Yup’ik seal mask, Alaska (around 1870s)
Tambaran, New York
$100,000
This late 19th century mask, made of painted cedar wood, was created by the Yup’ik people of southwestern Alaska and represents a seal’s face and four flippers. Yup’ik shamans instructed carvers on how to fashion such animal masks, which were worn in dance ceremonies prior to seasonal hunts. Seals are especially revered in Yup’ik culture, and this ritual mask was intended as a devotional object to seals, in thanks for their vital role in Alaskan villages. As well as serving as a source of meat, seal intestines are repurposed as waterproof garments, stomachs are used as containers and skins are made into rope, clothing and other materials. Because such masks were traditionally destroyed after ceremonies, few examples remain in private hands. A smaller 20th century “seal mask”, offered in poorer condition, made around $4,000 when it surfaced at auction in 2016. More complex variations of Yup’ik masks, depicting other animals as well as medicine men, can be found in major collections of ethnographic works of art, including the Metropolitan Museum of Art, New York, and the British Museum, London.
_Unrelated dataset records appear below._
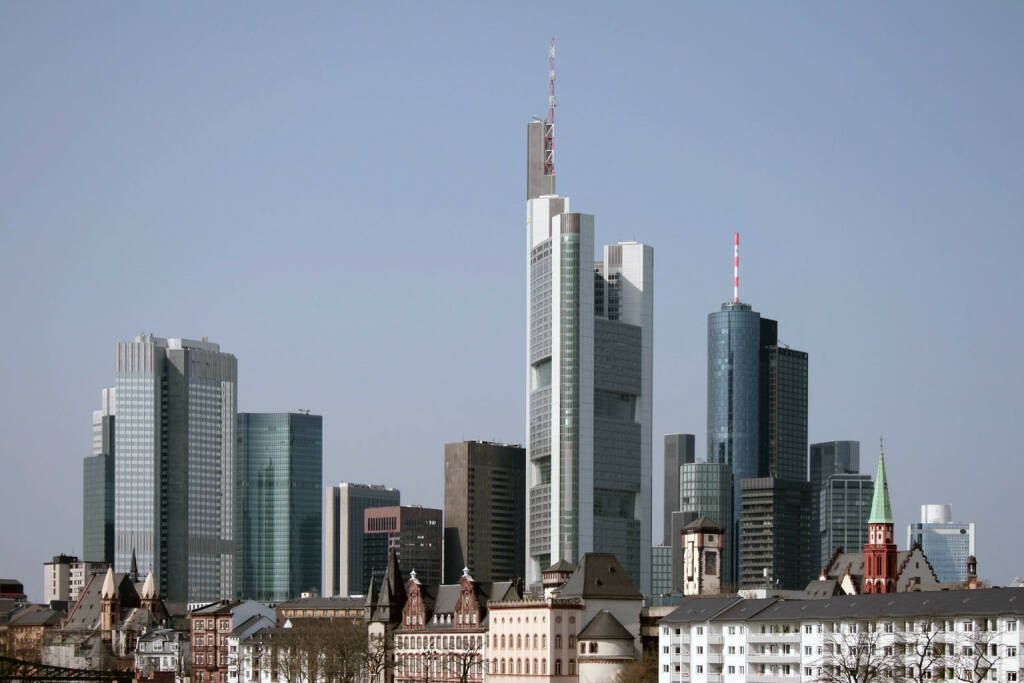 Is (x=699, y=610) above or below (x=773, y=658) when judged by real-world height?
above

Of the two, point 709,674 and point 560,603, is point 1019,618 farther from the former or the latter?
point 560,603

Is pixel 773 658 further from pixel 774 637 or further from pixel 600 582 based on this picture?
pixel 600 582

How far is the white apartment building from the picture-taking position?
133750mm

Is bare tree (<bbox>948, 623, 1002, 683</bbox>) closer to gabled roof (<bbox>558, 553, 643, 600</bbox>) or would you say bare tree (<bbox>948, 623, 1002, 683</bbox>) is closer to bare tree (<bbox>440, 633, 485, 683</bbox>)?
gabled roof (<bbox>558, 553, 643, 600</bbox>)

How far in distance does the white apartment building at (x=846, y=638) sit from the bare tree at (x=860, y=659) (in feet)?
0.35

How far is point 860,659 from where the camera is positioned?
139875 mm

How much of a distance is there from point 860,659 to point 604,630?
118 ft

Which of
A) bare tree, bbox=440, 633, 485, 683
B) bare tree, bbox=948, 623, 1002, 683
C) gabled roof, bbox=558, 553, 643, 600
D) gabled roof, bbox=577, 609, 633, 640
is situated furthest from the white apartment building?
bare tree, bbox=440, 633, 485, 683

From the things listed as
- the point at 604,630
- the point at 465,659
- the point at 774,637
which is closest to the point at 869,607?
the point at 774,637

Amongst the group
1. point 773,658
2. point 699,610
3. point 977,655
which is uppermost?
point 699,610

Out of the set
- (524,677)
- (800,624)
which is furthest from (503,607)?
(800,624)

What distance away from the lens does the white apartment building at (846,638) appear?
439 feet

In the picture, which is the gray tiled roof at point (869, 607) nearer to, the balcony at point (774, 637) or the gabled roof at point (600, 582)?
the balcony at point (774, 637)

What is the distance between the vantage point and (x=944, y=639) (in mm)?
138125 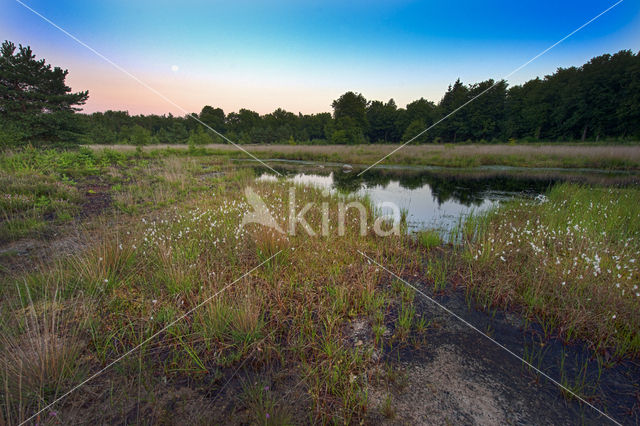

Four panel gilt leather screen (around 1750)
Philip Colleck, New York
$48,000
This mid-18th century English folding screen is decorated with oil paintings on leather of Chinoiserie motifs. The earliest surviving folding screens are Chinese, with some dating to the 8th century AD, and both Chinese and Japanese imports were popular in the European market in the 17th and 18th centuries. Around this time, Western adaptions also emerged, and, Mark Jacoby of the gallery says, “the English had a good reputation for producing the finest leather painted screens, and exported them throughout Europe”. Such screens also became popular in the French market; in 1899, Odilon Redon was commissioned to create a series of 17 decorative panels for the Château de Domecy-sur-le-Vault—two are now in the collections of the Musée d'Orsay, Paris and the Getty Museum, Los Angeles. As with this screen, images were typically rendered in a vertical pattern. This panel retains its original tooled gilt leather background and paint. Similar examples can be found in the collections of the British Museum, London and the Metropolitan Museum of Art, New York.
Jizō Bosatsu bronze (around 1392-1572)
Michael Goedhuis, New York and London
$220,000
This Japanese bronze, dating from the Muromachi period, depicts the Buddhist deity Jizō Bosatsu, one of the four principal bodhisattvas of Mahayana Buddhism, known as the guardian of travellers and the weak. The figure is the only Buddhist deity to be shown as “both bodhisattva and a monk, being therefore both human and divine—the intermediary between men and the Buddha”, Goedhuis says. He is shown sitting down and without a staff—unusual for such sculptures of Jizō Bosatsu, who is more commonly shown standing upright and holding a monk’s staff, called a shakujō, with six suspended rings—and carries a Mani (wish-granting) jewel in his left hand. The clay core remaining in the sculpture underwent a thermoluminescence dating test at Oxford University that “reinforces our stylistic dating—it’s rare for us to be able to find a clay core on sculptures”, Goedhuis says. The image of Jizō Bosatsu, one of the most popular and widely depicted deities in Japan, was traditionally made for temples and occasionally for private residences. One similar but smaller example belongs to the collection of the Royal Ontario Museum, Toronto.